X10's Internet-based marketing campaign is also attracting an unusual amount of attention because it is based on ``pop-under'' ads, a new style of Web advertising that launches a new, smaller Web window under the site that the user is currently viewing. When the user clicks to a new page, or closes the primary window, the ``pop-under'' appears. And because Internet advertising rates are depressed to bargain-basement levels, X10.com has been able to roll out very broad pop-under campaigns across many of the Web's most popular sites.

Pop-under campaign According to a recent Jupiter Media Metrix Internet audience report, the X10 ads have succeeded in reaching 33 percent of the entire Web audience between January and May 2001.

Many advertising analysts, however, are unimpressed with X10's marketing strategy.

``The ads do generate mass reach online, but they fail to convert browsers to buyers,'' said Marissa Gluck, senior analyst, Jupiter Media Metrix. ``They are so ubiquitous they are irrelevant. Consumers are becoming annoyed.''

According to Gluck, the X10 pop-under campaign also takes advantage of the current advertising downturn on the Internet.

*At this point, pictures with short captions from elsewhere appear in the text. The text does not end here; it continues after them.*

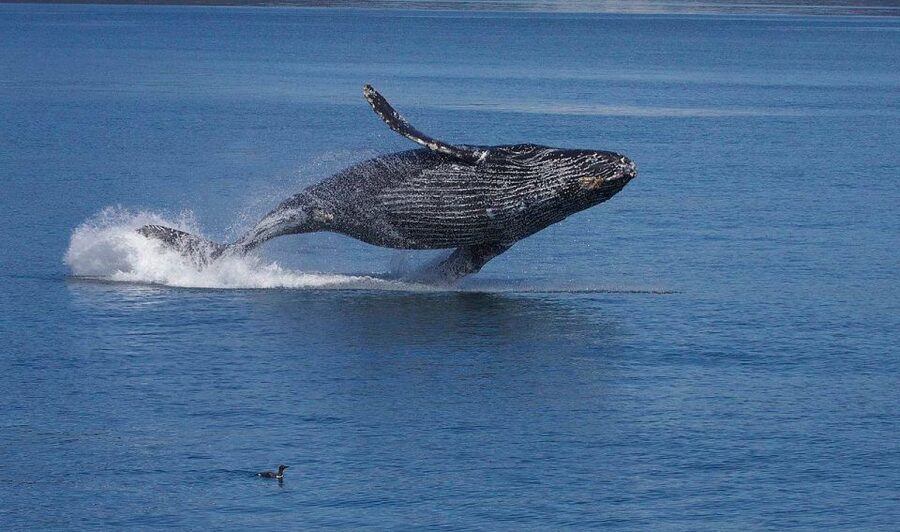 Monterey: Whale Watching Cruise - Key points to know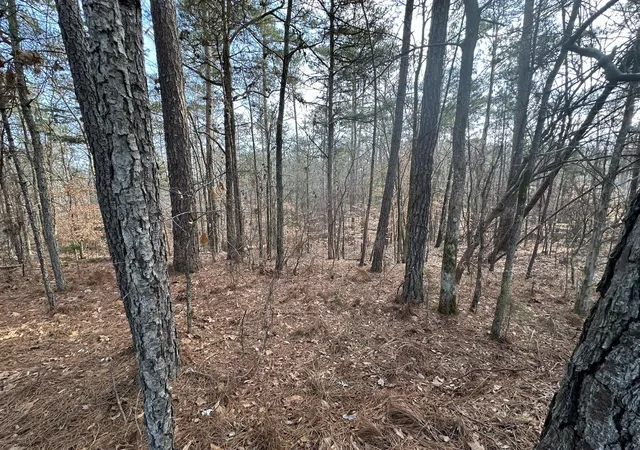 5th image of B63 L27 Half Moon Lane, Mc Cormick, SC 29835 | MLS# 98224102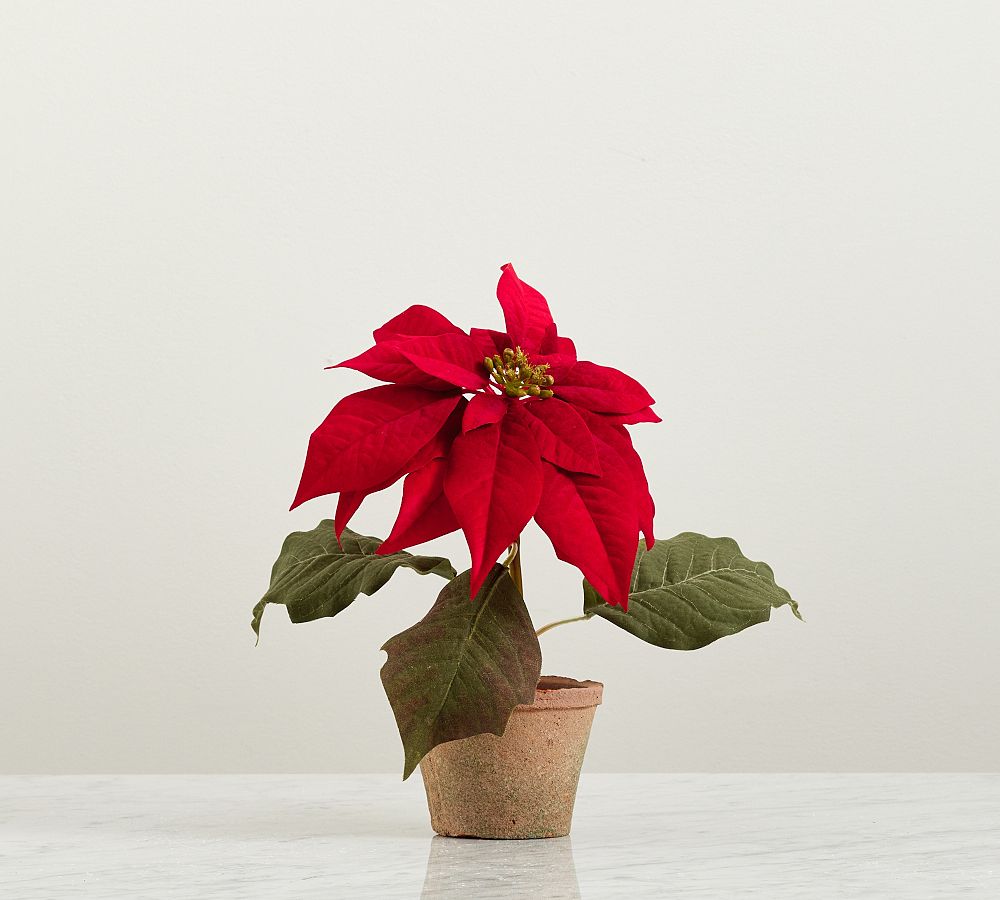 Faux Potted Poinsettias, Small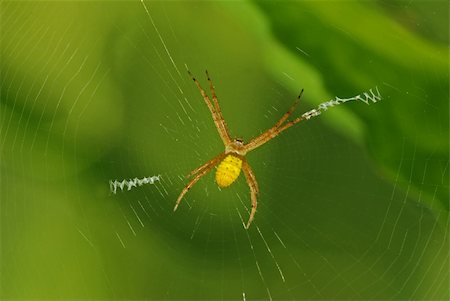 spider and spider web in the parks Stock Photo - Budget Royalty-Free & Subscription, Code: 400-04521777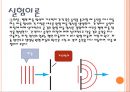 수면파 간섭 실험 5페이지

``Their strategy is dependent on cheap, almost limitless inventory,'' she said. ``That's not going to last forever.''

X10 Wireless Technology did not respond to repeated requests for information. But according to documents filed with the SEC to support a planned IPO, the company is a spinoff of a firm based in Hong Kong. Revenue at X10 has risen dramatically since it opened its Web-based storefront: from $134,000 in 1997 to $3 million in 1998 to $15.9 million in 1999. During the first nine months of 2000, the company brought in $21.3 million.

Profits elusive Profits are still elusive, however. In 1999, for example, the firm lost $5.6 million. Part of the equation is X10's massive Web-based advertising budget. In 1999 the company spent $8.8 million on marketing, ``mostly on the Internet.'' During the first nine months of 2000, it upped its sales and marketing budget to $10.7 million. According to the SEC filing, 98 percent of the company's sales were over the Internet.

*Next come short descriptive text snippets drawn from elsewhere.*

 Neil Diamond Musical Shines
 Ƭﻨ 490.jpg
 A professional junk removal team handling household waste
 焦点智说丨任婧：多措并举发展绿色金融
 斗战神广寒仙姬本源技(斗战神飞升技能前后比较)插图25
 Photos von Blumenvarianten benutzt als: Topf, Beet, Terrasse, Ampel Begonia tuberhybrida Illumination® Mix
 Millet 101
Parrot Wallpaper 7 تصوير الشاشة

Whether or not X10 achieves profitability, the company has contributed to the proliferation of wireless cameras. James M. Atkinson, president of Granite Island Group, a Gloucester company that detects electronic surveillance equipment, has already noticed an increase in wireless video surveillance.

During the last five years, Atkinson claims to have found X10 and other wireless video transmitters in college shower rooms, attorneys' offices, judges' chambers, corporate board rooms, the desk of a senior narcotics detective and hotel lobbies. More recently, he said, his company has found video bugs in a local funeral home and in the Boston office of a major investment bank. (Atkinson declined to name any of the locations, citing confidentiality.)

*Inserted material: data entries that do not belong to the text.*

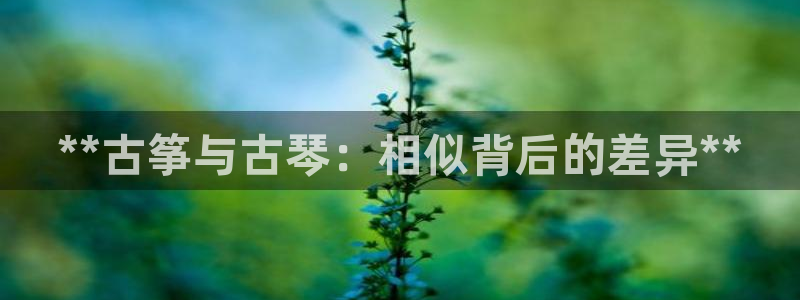凯发k8娱乐官网网址中心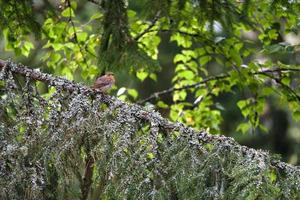 petirrojo en una rama de abeto con musgo y líquenes. pájaro cantor con pecho rojo anaranjado. foto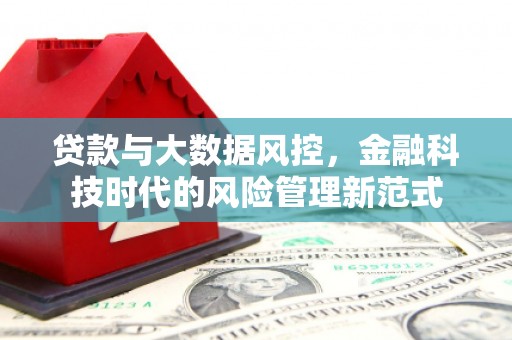 沙坪坝贷款与大数据风控，金融科技时代的风险管理新范式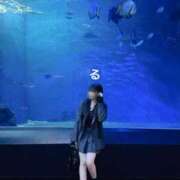 ヒメ日記 2025/04/19 19:04 投稿 るる コートダジュール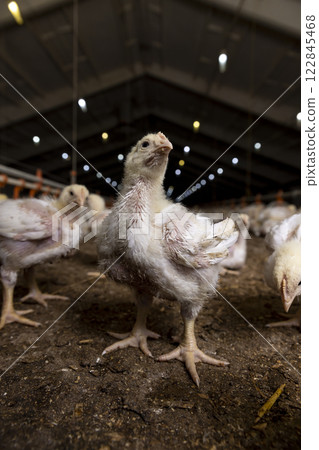 a poultry farm where chicken chickens are raised to produce meat products a poultry farm where chicken chickens are raised to produce meat products 122845468
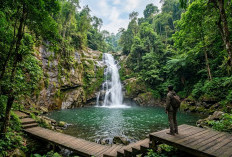 7 Wisata Alam di Tegal yang Indah dan Sepi, Cocok untuk Introvert Cari Ketenangan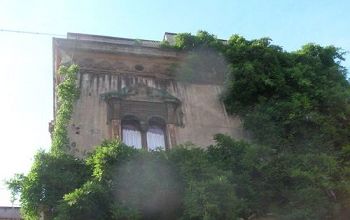 Verdissons nos villes ... 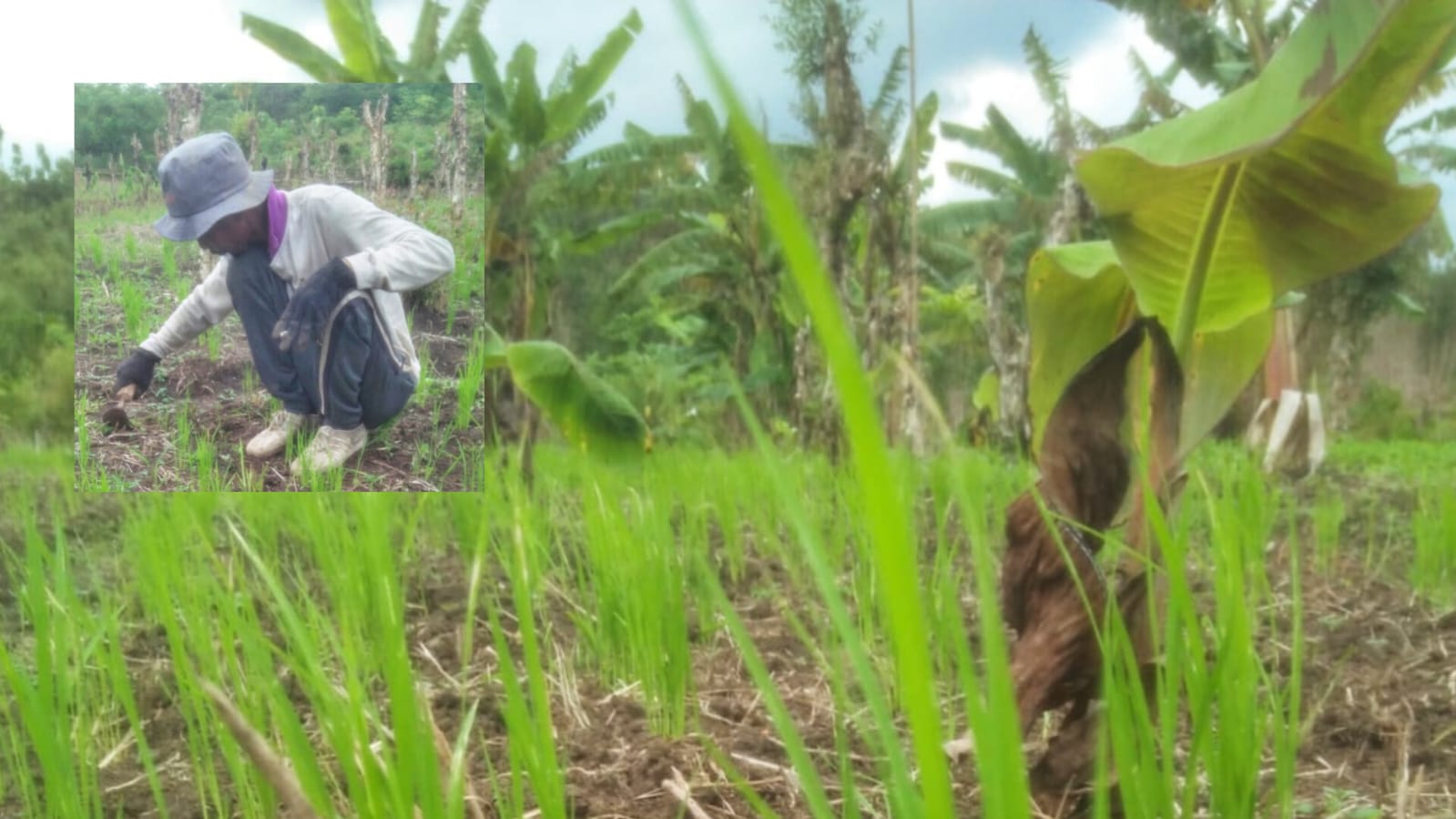 Truk Tronton Tabrak Dahan, Pohon Tumbang Tutup Jalan Nasional Sumedang–Bandung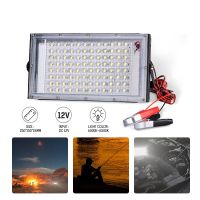 LED Flood Light 50W 100W DC12V Waterproof IP65 Reflector Led Spotlight Projector FloodLights Streetlight Outdoor Lighting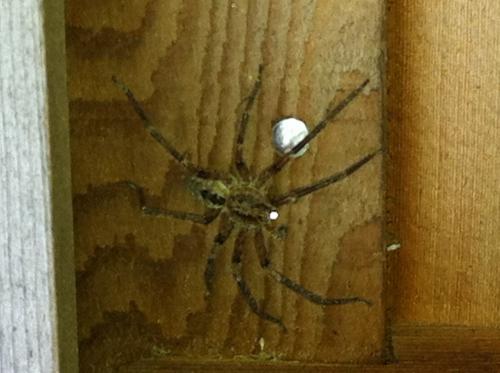 Zoropsis spinimana
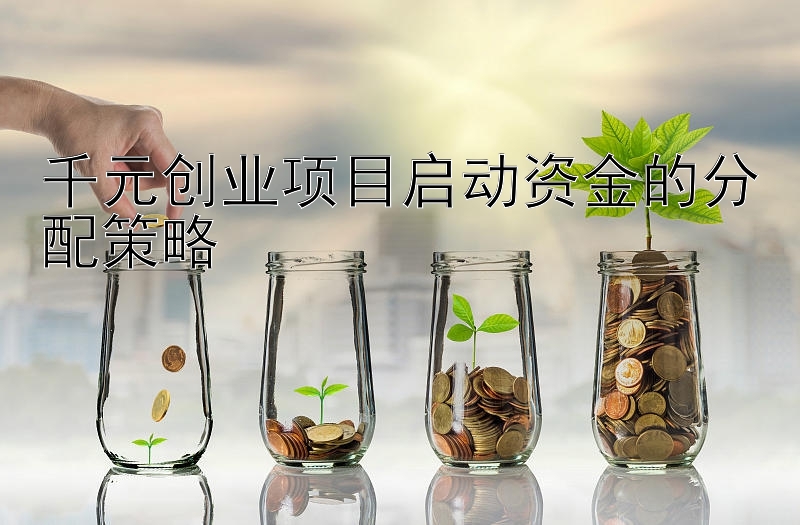 千元创业项目启动资金的分配策略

``We're in a surveillance society where everybody wants to spy on everybody,'' Atkinson said.

X10's promotional push is raising concerns among law enforcement officials, attorneys, and consumer advocates. If the cameras become commonplace, some observers believe we will enter an era of do-it-yourself spying in a society already struggling with a host of privacy-invading technologies.

``The bottom line is that technology is outstripping everything we once contemplated about privacy,'' said Ralph C. Martin II, Suffolk district attorney, whose office is currently prosecuting a Jamaica Plain man for secretly watching his female roommates using a wired video camera.

Meanwhile the X10 phenomenon continues to grow. Earlier this month, Jupiter Media Metrix published Internet audience measurements for July that indicated the X10's pop-under ads are reaching more people than ever.